I got a chicken sandwich and a frosty out of her. Better then having sex
It's a shame that I don't know his last name. Actually, it's an ever bigger shame that I don't know his first name
just saw an anti-abortion rally outside of the courthouse...so naturally i tossed them out a coat hanger i found in my car
All I remember from last night is petting the broom with my feet and feeling like I was standing on a horses head
We thought we were getting kicked out but then he started tickling the bouncer. Next thing you know the bouncers giving him a piggy back ride to the bar.
Apparently he proposed after he saw me chug vodka out of a traffic cone.
My text message history should be ashamed of itself right now.
This is literally engraved into my seat "Need crack?" And then there's a number.
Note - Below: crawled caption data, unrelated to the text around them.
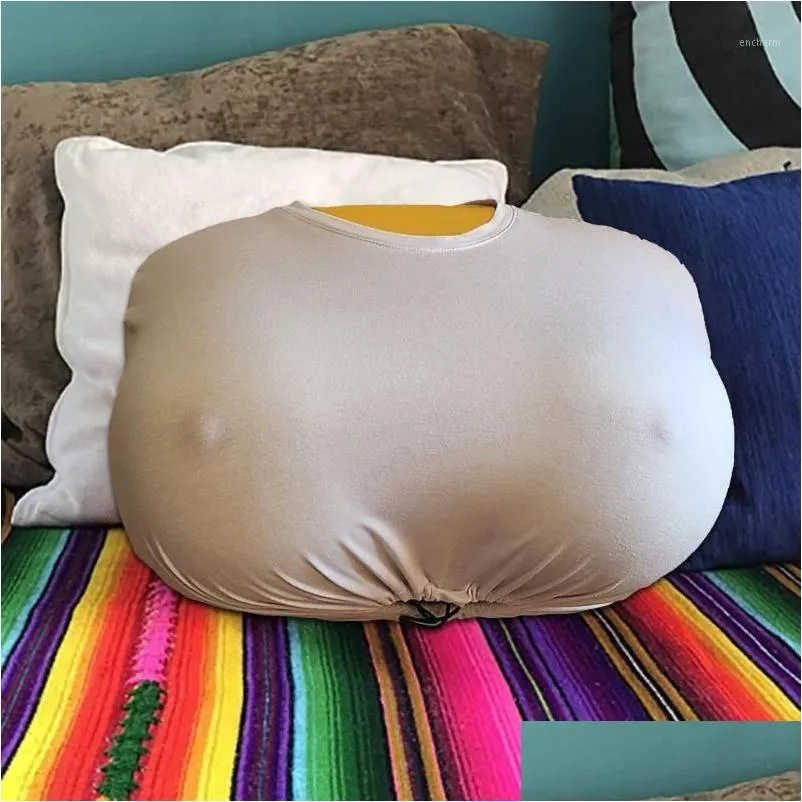 Cushion/Decorative Pillow Core Sofa Sexy Toys Gifts Boobs Skin-Friendly Pillowcase Creative Breast Design Fun Cushion Insert Drop De Dhbjw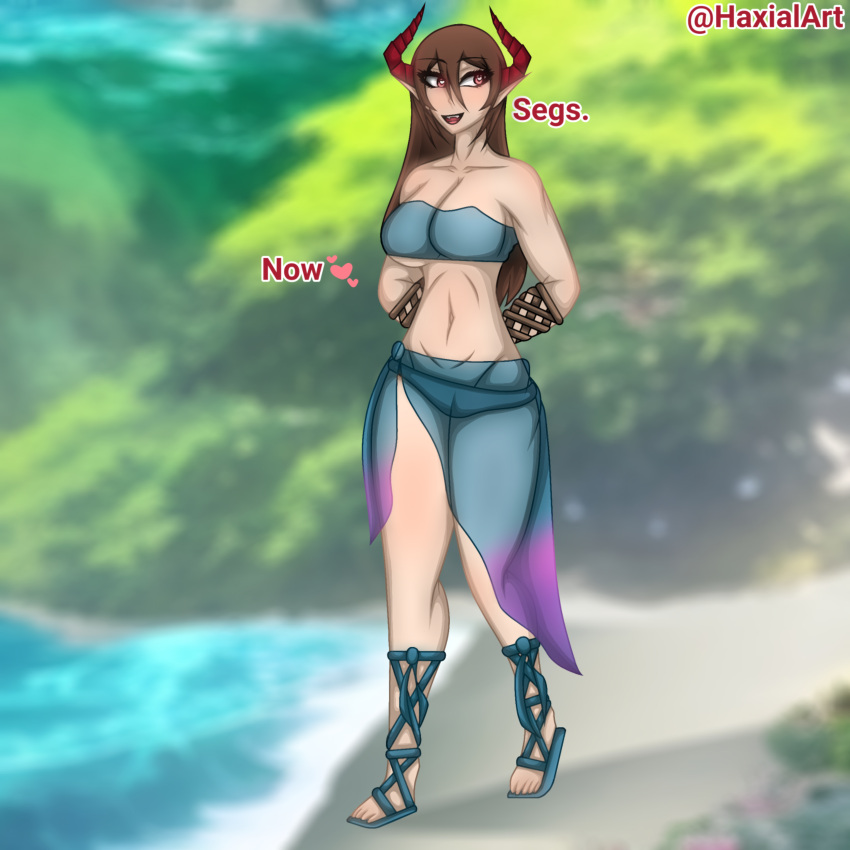 bikini brown_hair demon_girl demon_horns demoness grand_summoners haxial horns horny juno_(grand_summoners) red_eyes summer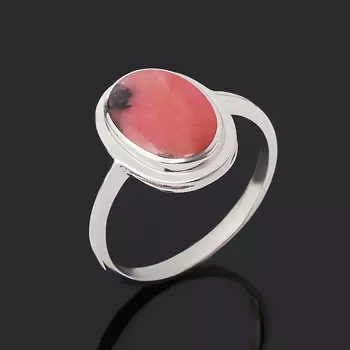 Кольцо родонит (серебро 925 пр. родир. бел.) размер 18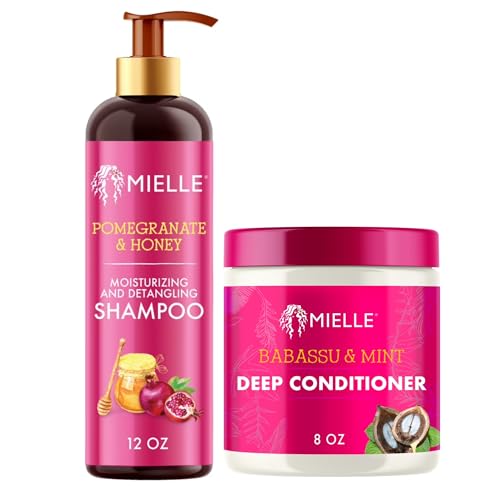 Mielle Organics Babassu & Mint Deep Conditioner with Pomegranate & Honey Shampoo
This isn't real.
Some guy just ate one of the dog treats. I have him a free beer. I love my job.
We had sex on a dog bed..
I told him to come over when I realized that I did have time for a quick booty call before church.
So we decided we're going to stop having sex...except for tonight. And probably tomorrow.
I was going to say that I wasn't sure how that happened... but then I remembered that I bonded with the Australians over vitamins and INXS and they bought me tequila.
Well, my mom found the ball gag and whip. Looks like I'm never going home again.
well you're talking to a woman who had glorious sex less than 24 hrs ago so my opinion is biased.